### Prompt
Please return the records below exactly as they stand.

BEGIN Record extracts

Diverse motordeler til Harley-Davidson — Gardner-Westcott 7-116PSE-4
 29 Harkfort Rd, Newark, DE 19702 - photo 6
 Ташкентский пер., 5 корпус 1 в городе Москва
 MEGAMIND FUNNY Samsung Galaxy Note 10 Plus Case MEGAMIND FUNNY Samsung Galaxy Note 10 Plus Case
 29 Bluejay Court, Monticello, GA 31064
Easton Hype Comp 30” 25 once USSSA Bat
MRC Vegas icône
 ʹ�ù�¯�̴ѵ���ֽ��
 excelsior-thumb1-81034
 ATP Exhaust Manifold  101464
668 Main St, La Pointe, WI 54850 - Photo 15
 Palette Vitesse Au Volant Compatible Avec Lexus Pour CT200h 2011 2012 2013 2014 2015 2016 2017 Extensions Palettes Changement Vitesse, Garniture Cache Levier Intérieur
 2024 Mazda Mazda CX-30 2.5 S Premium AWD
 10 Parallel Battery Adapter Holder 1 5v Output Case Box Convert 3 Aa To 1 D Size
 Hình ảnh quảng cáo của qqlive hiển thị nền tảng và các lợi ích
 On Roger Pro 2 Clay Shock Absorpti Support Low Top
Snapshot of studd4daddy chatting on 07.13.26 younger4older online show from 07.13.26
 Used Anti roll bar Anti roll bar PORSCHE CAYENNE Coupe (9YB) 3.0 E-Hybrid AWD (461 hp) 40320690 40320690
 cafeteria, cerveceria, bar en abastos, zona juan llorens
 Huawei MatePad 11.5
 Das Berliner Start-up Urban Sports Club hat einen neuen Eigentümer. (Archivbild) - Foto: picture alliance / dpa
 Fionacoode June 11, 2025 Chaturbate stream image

END Record extracts

### Result of the task
Diverse motordeler til Harley-Davidson — Gardner-Westcott 7-116PSE-4
 29 Harkfort Rd, Newark, DE 19702 - photo 6
 Ташкентский пер., 5 корпус 1 в городе Москва
 MEGAMIND FUNNY Samsung Galaxy Note 10 Plus Case MEGAMIND FUNNY Samsung Galaxy Note 10 Plus Case
 29 Bluejay Court, Monticello, GA 31064
Easton Hype Comp 30” 25 once USSSA Bat
MRC Vegas icône
 ʹ�ù�¯�̴ѵ���ֽ��
 excelsior-thumb1-81034
 ATP Exhaust Manifold  101464
668 Main St, La Pointe, WI 54850 - Photo 15
 Palette Vitesse Au Volant Compatible Avec Lexus Pour CT200h 2011 2012 2013 2014 2015 2016 2017 Extensions Palettes Changement Vitesse, Garniture Cache Levier Intérieur
 2024 Mazda Mazda CX-30 2.5 S Premium AWD
 10 Parallel Battery Adapter Holder 1 5v Output Case Box Convert 3 Aa To 1 D Size
 Hình ảnh quảng cáo của qqlive hiển thị nền tảng và các lợi ích
 On Roger Pro 2 Clay Shock Absorpti Support Low Top
Snapshot of studd4daddy chatting on 07.13.26 younger4older online show from 07.13.26
 Used Anti roll bar Anti roll bar PORSCHE CAYENNE Coupe (9YB) 3.0 E-Hybrid AWD (461 hp) 40320690 40320690
 cafeteria, cerveceria, bar en abastos, zona juan llorens
 Huawei MatePad 11.5
 Das Berliner Start-up Urban Sports Club hat einen neuen Eigentümer. (Archivbild) - Foto: picture alliance / dpa
 Fionacoode June 11, 2025 Chaturbate stream image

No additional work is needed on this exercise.